- _Available records_:
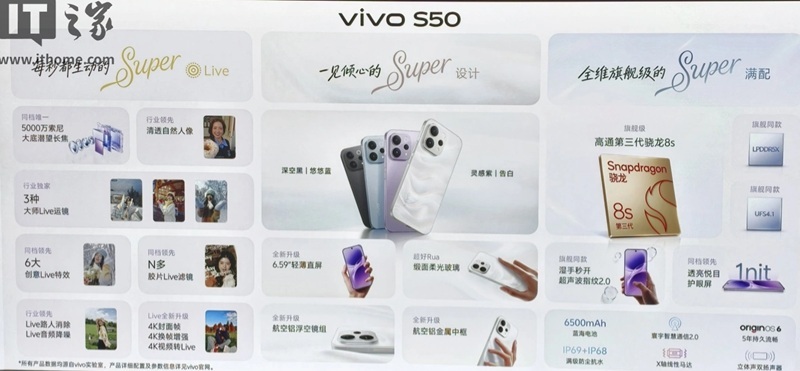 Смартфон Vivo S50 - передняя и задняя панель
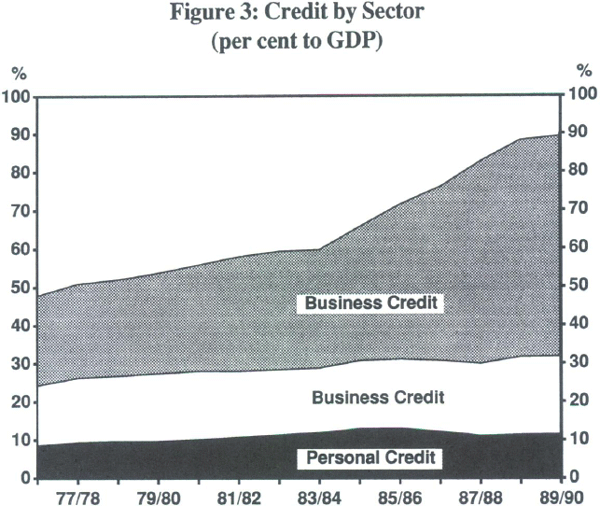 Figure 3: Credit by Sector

---

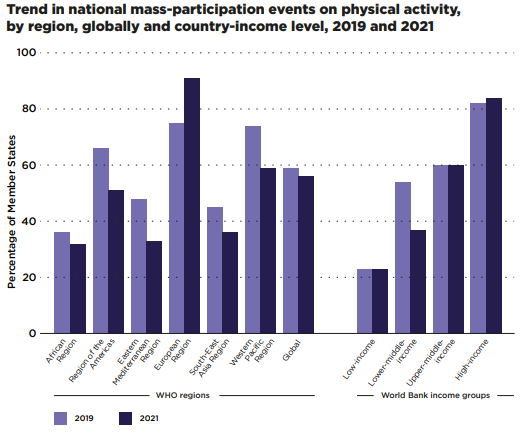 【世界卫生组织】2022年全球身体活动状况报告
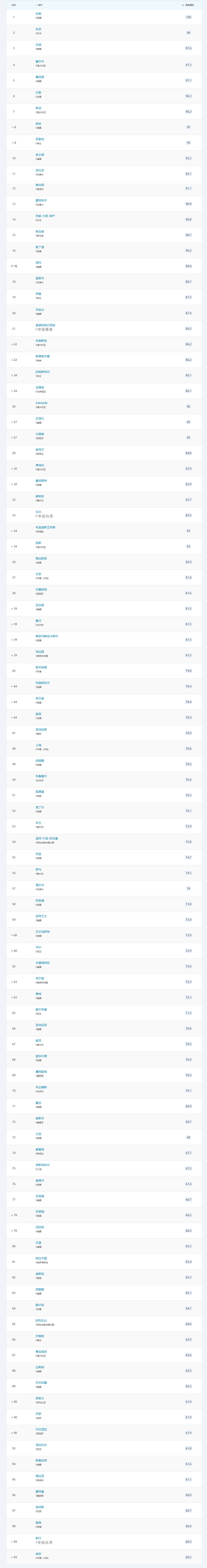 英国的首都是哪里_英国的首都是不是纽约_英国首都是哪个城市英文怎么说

- _What you have to do_: With the pictures omitted, copy the entries above exactly from the line containing "Смартфон Vivo S50 - передняя и задняя панель" through the line containing "Figure 3: Credit by Sector", both lines included.

- _Task solution_:
 Смартфон Vivo S50 - передняя и задняя панель
 Figure 3: Credit by Sector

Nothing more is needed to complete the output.